Professor at the University of Jos

Etannibi Alemika is a professor of Criminology and the Sociology of Law at the University of Jos. In August 2015, he was one of seven individuals appointed to a newly formed anti-corruption board organized by President Muhammadu Buhari. His most widely cited article is titled Policing and Perceptions of Police in Nigeria, which was published in 1988.
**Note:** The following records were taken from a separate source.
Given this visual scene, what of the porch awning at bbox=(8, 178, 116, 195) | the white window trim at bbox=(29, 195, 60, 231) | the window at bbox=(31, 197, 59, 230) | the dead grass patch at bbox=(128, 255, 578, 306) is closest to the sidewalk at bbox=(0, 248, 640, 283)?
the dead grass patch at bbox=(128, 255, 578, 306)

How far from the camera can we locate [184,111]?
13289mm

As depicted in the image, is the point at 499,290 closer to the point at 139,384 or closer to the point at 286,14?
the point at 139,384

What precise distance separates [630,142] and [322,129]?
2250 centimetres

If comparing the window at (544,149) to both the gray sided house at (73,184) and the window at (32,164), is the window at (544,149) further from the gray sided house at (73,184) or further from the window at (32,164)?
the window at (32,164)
== Early life and education ==
Alemika studied sociology at the University of Ibadan where he also got a master's degree in the same course. In 1985, he got a master's degree from University of Pennsylvania, graduating with distinction before he proceeded to obtain a doctorate degree in criminology.

== Academic career ==
He is a member of several organizations including the American Society of Criminology and Academy of Criminal Justice Sciences. In 2013, he posited the need for a Nigerian repository of information for use by security agencies that will aid and combat crime. In a 2017 lecture held in Lagos State, Alemika decried the situation of homeland security and called on legislators to create laws that will ensure effective policing in the Nigeria.

== Administrative appointments ==
- Member, Buhari's anti-corruption war seven-man committee

== Personal life ==
=== Emily Alemika ===
He is married to Emily Alemika, who is also a professor. Emily, a lecturer in the department of public law, faculty of law, University of Jos was born with separated parents and worked as a maid in several homes before starting primary school at age 13. She has a diploma in law from Ahmadu Bello University and a master's degree in Criminal justice. She describes her husband as being solely responsible for her accomplishment in life and her saving grace. Explaining that he is a person who never uses gender as a discriminatory factor in issues. She is also the first professor of law from Kogi State.

In 2017, his wife was appointed as a member of the governing council at Kogi State University by Governor Yahaya Bello.